I thought of that moment as I sat on the loo in my semi-private ward, trying to get a urine sample, thinking about how put out Discovery must be (you’re supposed to ask for permission before being admitted to the maternity ward). I sobbed. I’d been so lucky so far: no morning sickness, no indication of chromosomal abnormality, no gestational diabetes or high blood pressure.
Now this.
The good news is that my blood pressure is responding well to the medication. Tomorrow morning my doctor will check up on me again, and let me know what my options are. I’m hoping that one of them will be “go home, take your blood pressure pills and don’t overdo things”.

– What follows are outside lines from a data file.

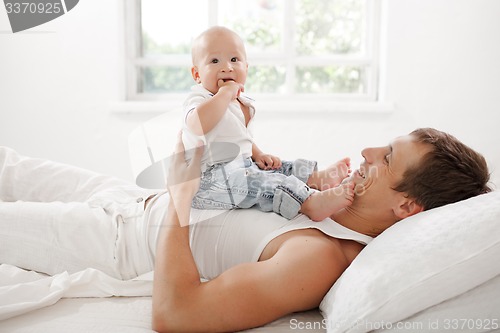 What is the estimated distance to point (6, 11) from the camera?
3.40m

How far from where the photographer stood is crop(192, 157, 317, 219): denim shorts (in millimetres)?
1492

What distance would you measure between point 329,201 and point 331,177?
13.4 inches

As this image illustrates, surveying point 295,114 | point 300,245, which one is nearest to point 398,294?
point 300,245

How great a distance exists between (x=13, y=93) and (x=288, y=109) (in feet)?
5.78

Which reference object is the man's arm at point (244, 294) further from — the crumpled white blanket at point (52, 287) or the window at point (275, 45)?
the window at point (275, 45)

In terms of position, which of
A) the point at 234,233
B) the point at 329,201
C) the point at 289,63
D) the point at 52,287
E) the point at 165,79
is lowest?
the point at 52,287

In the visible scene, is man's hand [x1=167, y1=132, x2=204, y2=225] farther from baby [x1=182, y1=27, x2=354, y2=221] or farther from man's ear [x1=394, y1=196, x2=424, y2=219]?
man's ear [x1=394, y1=196, x2=424, y2=219]

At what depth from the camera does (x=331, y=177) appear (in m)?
1.76

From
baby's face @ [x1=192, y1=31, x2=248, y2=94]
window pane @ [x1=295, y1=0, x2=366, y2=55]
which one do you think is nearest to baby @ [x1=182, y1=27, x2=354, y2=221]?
baby's face @ [x1=192, y1=31, x2=248, y2=94]

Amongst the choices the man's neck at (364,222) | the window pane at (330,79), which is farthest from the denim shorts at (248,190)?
the window pane at (330,79)

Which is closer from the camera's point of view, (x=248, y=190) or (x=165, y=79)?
(x=248, y=190)

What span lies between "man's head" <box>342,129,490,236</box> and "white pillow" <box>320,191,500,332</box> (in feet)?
0.57

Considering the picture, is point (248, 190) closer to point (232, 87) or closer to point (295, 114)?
point (232, 87)

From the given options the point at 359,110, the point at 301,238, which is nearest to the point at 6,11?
the point at 359,110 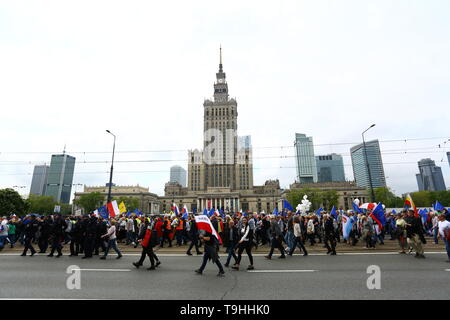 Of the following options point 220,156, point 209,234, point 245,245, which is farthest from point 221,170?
point 209,234

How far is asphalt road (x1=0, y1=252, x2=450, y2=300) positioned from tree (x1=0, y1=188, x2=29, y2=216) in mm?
48807

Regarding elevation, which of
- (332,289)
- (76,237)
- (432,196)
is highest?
(432,196)

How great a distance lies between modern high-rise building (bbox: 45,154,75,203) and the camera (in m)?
47.3

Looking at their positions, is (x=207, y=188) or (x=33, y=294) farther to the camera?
(x=207, y=188)

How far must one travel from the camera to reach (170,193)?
138 m

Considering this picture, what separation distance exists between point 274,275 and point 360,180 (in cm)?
14654

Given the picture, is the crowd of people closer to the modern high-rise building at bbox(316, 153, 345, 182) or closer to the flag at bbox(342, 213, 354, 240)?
the flag at bbox(342, 213, 354, 240)

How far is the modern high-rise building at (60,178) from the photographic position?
155ft

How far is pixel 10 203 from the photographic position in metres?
47.8

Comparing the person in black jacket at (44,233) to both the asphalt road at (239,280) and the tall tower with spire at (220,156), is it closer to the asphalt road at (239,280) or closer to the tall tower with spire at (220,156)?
the asphalt road at (239,280)

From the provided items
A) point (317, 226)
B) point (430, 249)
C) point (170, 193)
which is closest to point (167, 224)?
point (317, 226)

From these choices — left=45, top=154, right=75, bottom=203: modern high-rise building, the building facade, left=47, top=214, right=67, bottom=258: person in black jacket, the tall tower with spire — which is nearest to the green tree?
left=45, top=154, right=75, bottom=203: modern high-rise building

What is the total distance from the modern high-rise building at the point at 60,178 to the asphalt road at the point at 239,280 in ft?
141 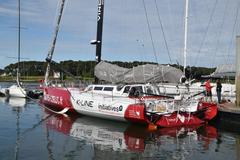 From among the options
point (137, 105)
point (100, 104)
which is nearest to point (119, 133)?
point (137, 105)

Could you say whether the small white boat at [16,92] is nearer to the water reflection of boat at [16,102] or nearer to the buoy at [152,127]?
the water reflection of boat at [16,102]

So here I am, in a hospital bed, marveling at the magnificently bad cheese sandwiches that arrived with my rooibos tea and wondering if I should try and squeeze in a bath before the next blood pressure measurement. The nurses have all been lovely. My husband has brought me clean underwear and toiletries and strawberry and banana juice. I’ve cursed the foetal heart rate monitor for beeping like a car seatbelt alert (it beeps if the heartbeat fluctuates, and the elf has been very very busy; at times her heart sounds like a racehorse on a morning gallop). It’s been hours since a ridiculously early supper and now I’m writing this, in between going through mails and catching up on work.
(People keep sending me WhatsApps telling me to rest but there’s nothing worth watching on TV. Seriously.)
Today was a reminder that things can go pear-shaped so quickly. I won’t take any of this experience, which has mostly been trouble-free, for granted. All I hope is that if things go wrong, there will be rescuers to pull me up from below, that I will walk away with the baby and we will both be fine. A little shaken, but none the worse for wear.